Harold Innis é traduzido para o Português

* * Conserva-se o português de Portugal.

Filipa Subtil

Docente da Escola Superior de Comunicação Social, Instituto Politécnico de Lisboa, Lisboa-Portugal. Doutora em Ciências Sociais pelo Instituto Ciências Sociais da Universidade de Lisboa

INNIS, Harold A. O viés da comunicação. Petrópolis (RJ): Vozes, 2011. 352p.

O Viés da Comunicação, tradução de The Bias of Communication, um livro de Harold A. Innis, publicado pela primeira vez em 1951, e que é hoje considerado canônico nos estudos da Comunicação e dos Media, está finalmente disponível em Língua Portuguesa, na colecção Clássicos da Comunicação Social, da Editora Vozes. A obra conta com uma apresentação de Antônio Hohlfeldt, coordenador da coleção, um prefácio de Luiz C. Martino, também responsável pela tradução e notas, e dois outros prefácios de acadêmicos canadenses. O Viés da Comunicação é composto por oito capítulos e dois apêndices. O volume está organizado a partir de duas temáticas principais: uma abordagem comunicacional da história e uma reflexão crítica sobre a situação da cultura e da tecnologia na primeira metade do século 20.

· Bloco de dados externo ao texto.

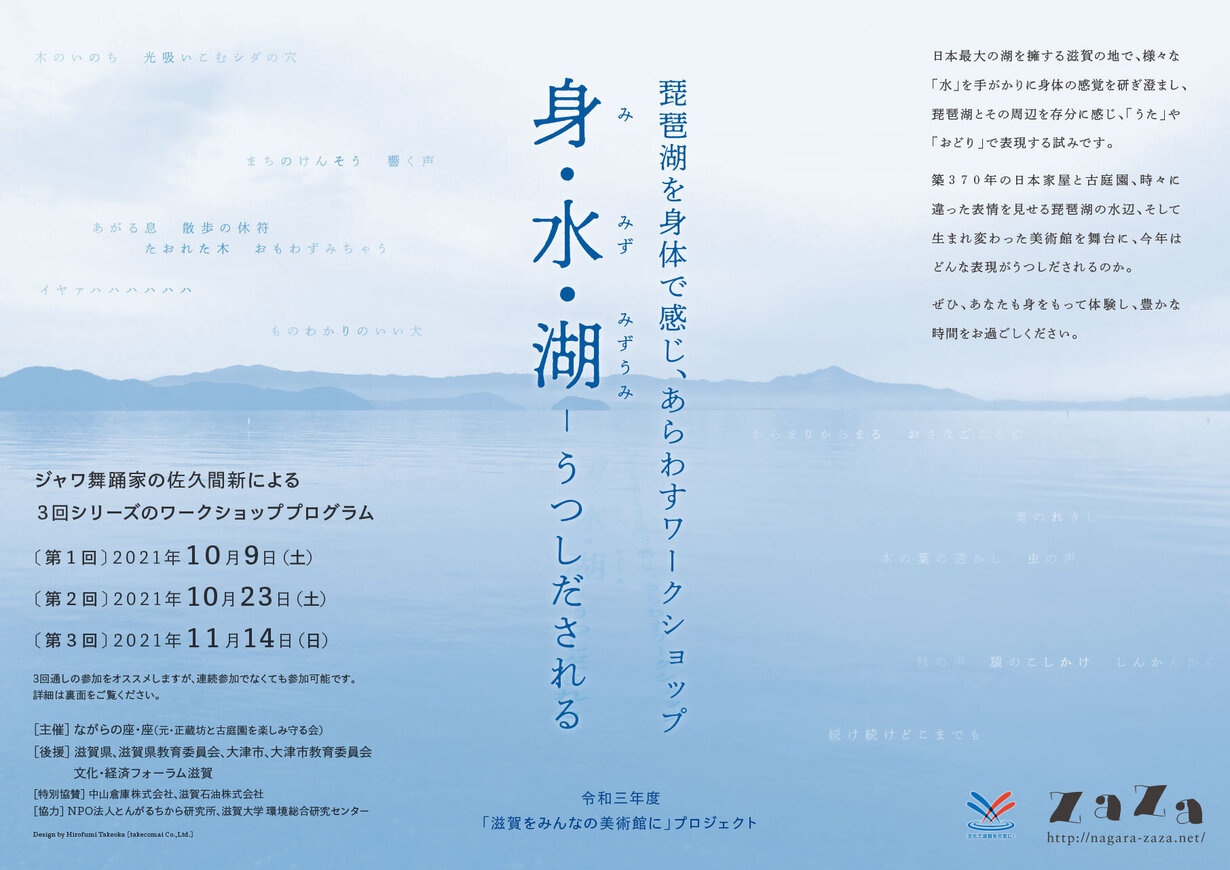 身・水・湖―うつしだされる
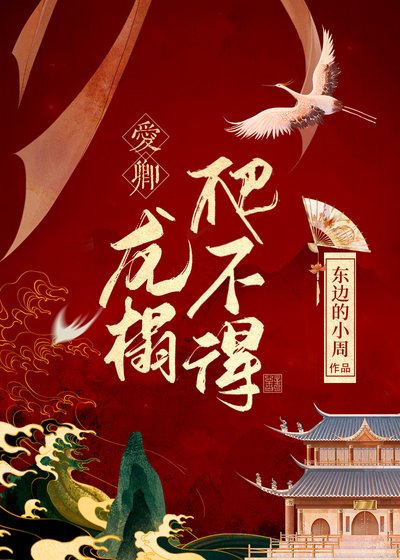 《爱卿,龙榻爬不得》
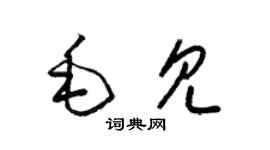 梁錦英毛見草書個性簽名怎么寫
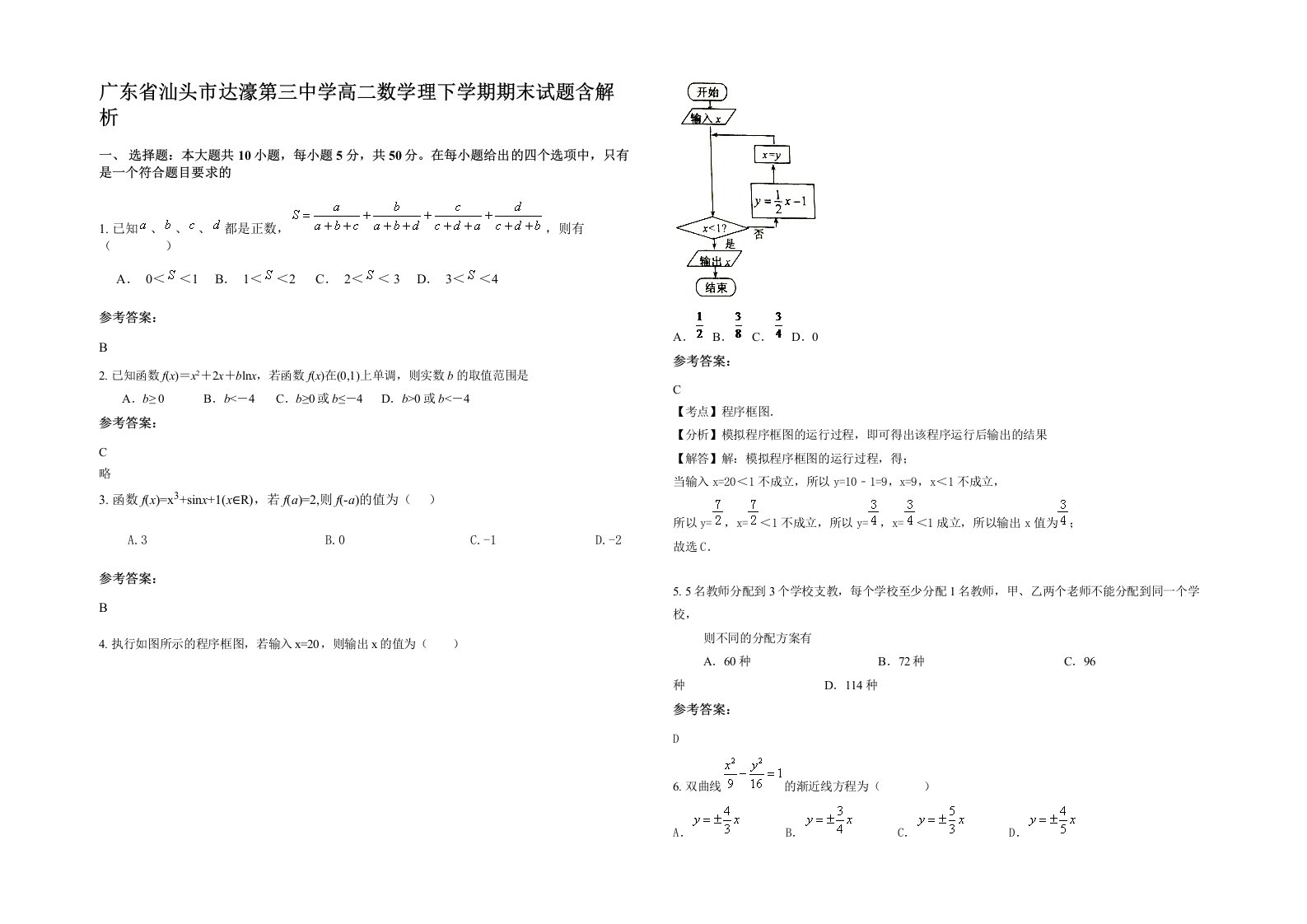 广东省汕头市达濠第三中学高二数学理下学期期末试题含解析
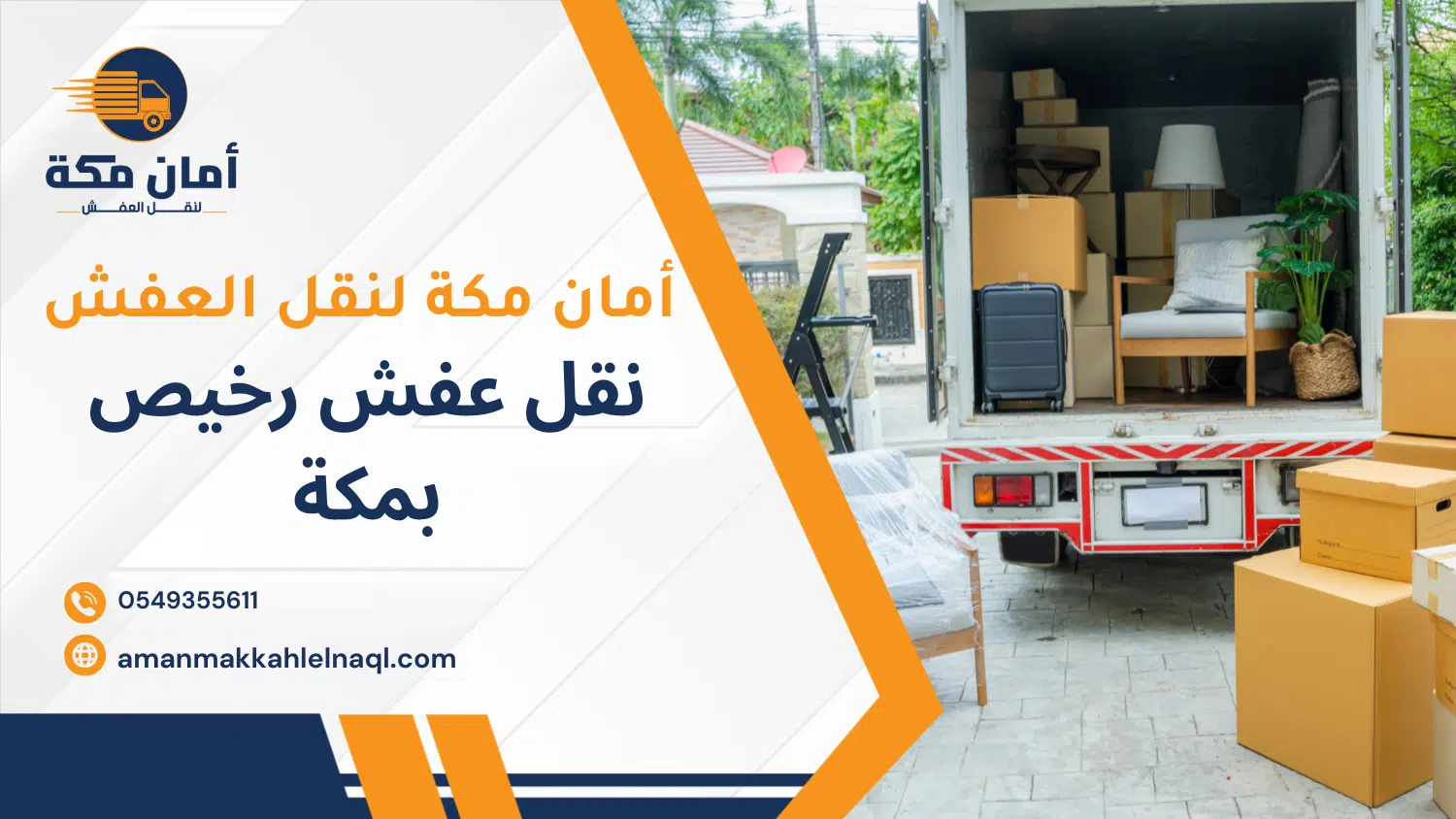 نقل عفش رخيص بمكة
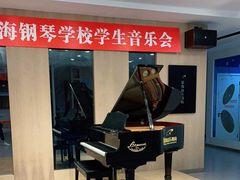 -星海音乐学校(曲江校区)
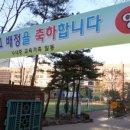 분당중학교 이미지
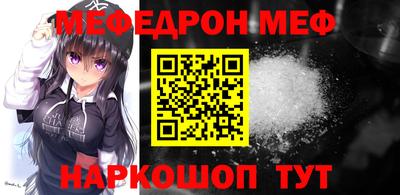 гашишное масло Коммунар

Innis é hoje um expoente clássico do pensamento canadense sobre Comunicação e Media, cujo trabalho é uma combinação de pesquisas teóricas e históricas de um alcance político pouco comum nas ciências da Comunicação. Doutorou-se em Economia Política na Universidade de Chicago, em 1920, onde foi atraído pelas análises desenvolvidas por economistas tão ecléticos como Frank H. Knight, C. M. Wright, John M. Clark e Thorstein Veblen. É só a partir de 1943 que começa a produzir um corpo de reflexão teórica e social diretamente orientado para a história da Comunicação, embora seu interesse por esta temática se pressentir já noutras pesquisas anteriores. Para além do livro agora traduzido, o seu trabalho específico sobre Comunicação e media deu origem a outras duas obras, que reúnem os seus principais ensaios sobre este tema ([1950] 19721; 1952)2.

No quadro da diversidade de tendências dos estudos comunicacionais, O Viés da Comunicação destaca-se por uma perspectiva vincadamente histórica, centrada no papel das tecnologias midiáticas e que considera estas uma força poderosamente constitutiva das civilizações. Innis, como poucos outros nas Ciências Sociais, privilegiava temáticas que implicavam o tempo longo. Para Innis, as tecnologias têm um impacto penetrante nas civilizações e, por esta razão, o seu estudo é central para compreender as transformações que nelas ocorrem. Todavia, as tecnologias, na sua concepção, são também produto das civilizações e, neste sentido, os modelos de comportamento, as práticas e os modos de conhecer de uma dada sociedade estão incorporados e simultaneamente incorporam os meios técnicos que nela predominam. Vai ainda mais longe quando argumenta que as tecnologias são meios, ou Media, por intermédio dos quais as civilizações se expandem, estabelecem contatos entre si e podem tomar a forma imperial. Na verdade, a sua definição para o termo é ampla e abrangente. Na sua acepção, os Media compreendem todas as formas de transporte não edificadas pelo ser humano, como rios, lagos, oceanos, cavalos etc., os meios com origem na atividade humana, como canais, estradas, estradas-de-ferro, navios etc., e ainda os recursos básicos. Qualquer um destes três tipos de Media tem a capacidade de promover, por um lado, ambientes ou ecossistemas que medeiam as relações humanas e implicam o pensamento, a ação e a subjectividade dos indivíduos e, por outro, o comércio de tais recursos, permitindo o contato entre pessoas e civilizações até então isoladas. Partindo desta concepção de Media e das consequências que dela se podem retirar, não será com toda a certeza abusivo afirmar que Innis é, sem dúvida, um precursor da reflexão actual sobre os processos de globalização3 3 Esta é, na verdade, a segunda vez que avanço com esta sugestão. A primeira pode ser lida em SUBTIL, F. Uma teoria da globalização avant la lettre. Tecnologias da Comunicação, espaço e tempo em Harold A. Innis. In: MARTINS, H.; GARCIA, J. L. (Orgs.). Dilemas da civilização tecnológica. Lisboa: Imprensa de Ciências Sociais, 2003. p.287-311. .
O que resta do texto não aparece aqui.